The last movement of the concerto suffered from a severe attack of "anything you can play, I can play faster" and some passages of the frenetic piano writing grew sloppy under pressure.  Not for the first time, I couldn't help feeling that a reduction of speed by even five percent would yield huge dividends in musicality, without sacrificing any of the essential excitement that is, after all, built into the notes.  Hough then played a Chopin encore which came off as too cool and restrained for my liking.


After the intermission, the concert rounded off with Scheherazade.  It surprised me that, for the first how-many-years of my concert-going career, this evergreen repertoire staple never seemed to appear on the TSO's programmes.  The balance has been redressed during the last two decades, and I've now heard the orchestra perform this musical magnificence three times, as well as having acquired the live-concert recording on Chandos Records which came out of a fourth performance that I missed.

Nikolai Rimsky-Korsakov achieved a remarkable exemplar of orchestration in Scheherazade.  The array of diverse and remarkable tone colours which he conjured out of the orchestra is striking enough, but all the more so when you realize that -- unlike many of his contemporaries -- he didn't enlarge the orchestra with multiple extra instruments in the process.  The score calls for only double woodwind, four horns, two trumpets, three trombones, tuba, percussion, harp, and strings.

There are few works which can be considered in the same league as this one as a testing ground for the orchestra.  Not only is the score littered with solo bits for many of the section leaders, but the endlessly shifting kaleidoscope of instrumental textures demands acute awareness of balance from the players as well as from the conductor.

No surprise, then, that the TSO now performs this work as if to the manner born.  The various solo parts, some of which can be played in free time, as if a concerto cadenza, are all shaped and phrased with both skill and affection.  This is particularly true of the nearly concerto-sized contribution of concertmaster Jonathan Crow.  His high harmonics in the slow closing pages were both secure and beautiful in tone.
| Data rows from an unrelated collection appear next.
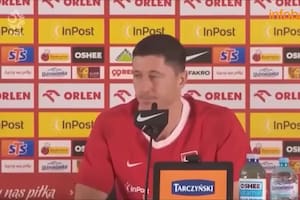 El tenso momento entre Lewandowski y un periodista argentino por una pregunta sobre Messi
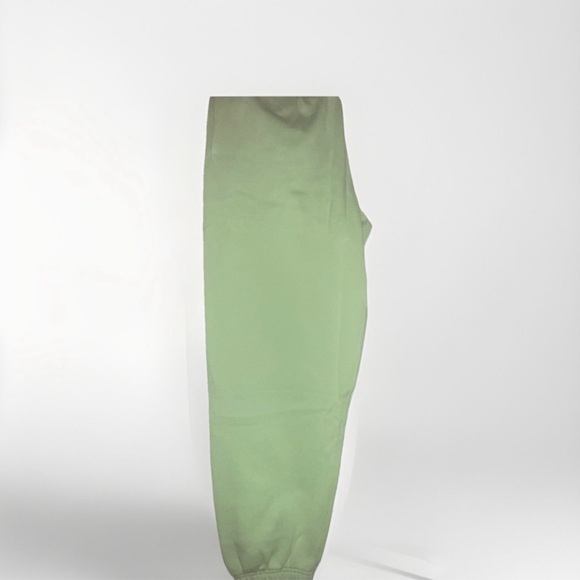 VS PINK Pale Petal V-Day Ivy Fleece Campus Sweatpants - Picture 4 of 5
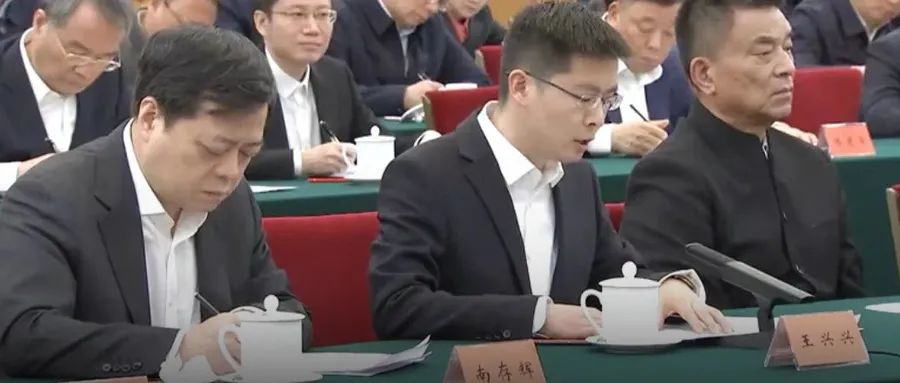 这次座谈会上，为什么浙江企业家最多？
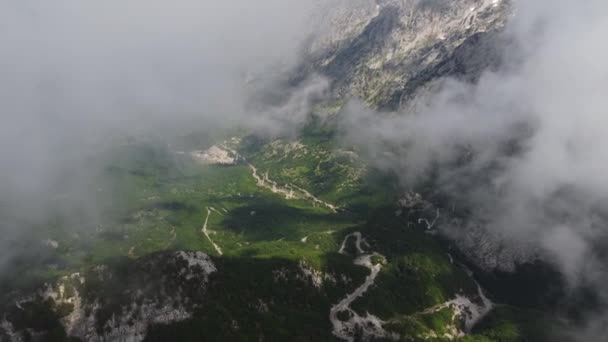 Beau paysage en Albanie avec des montagnes — Video
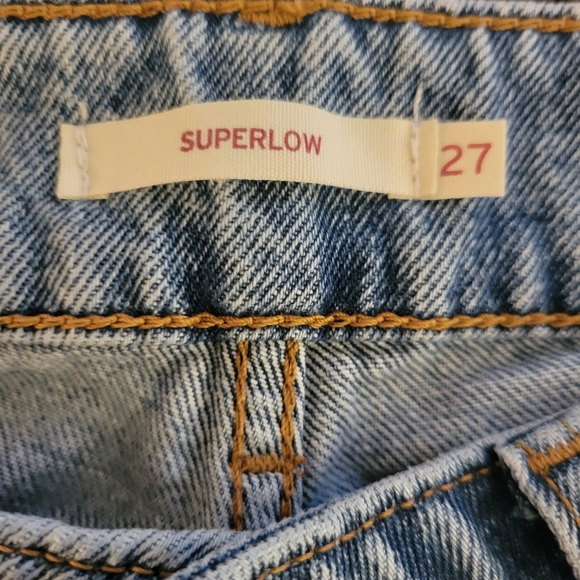 NEW NWT Levi's® Women's Low-Rise Superlow Loose Jeans - Table Talk 27 - Picture 3 of 5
The players as a team demonstrated consistent awareness of the needs of the moment, and there was no element of the musical argument which didn't emerge both clear and fresh, as if newly discovered.

Conductor Elim Chan showed particular sensitivity to the breathing space allotted to each solo part, and led the performance with well-chosen tempi.  If the last movement's Festival at Baghdad was a little on the hectic side, the orchestra pulled right along with Chan's tempo and maintained the clearest articulation of all the many repeated notes.  The storm at sea capped the performance with its mighty surging waves and the enormous crash of the tamtam as the ship smashed against the rock was breathtaking.

A most rewarding end to a striking concert.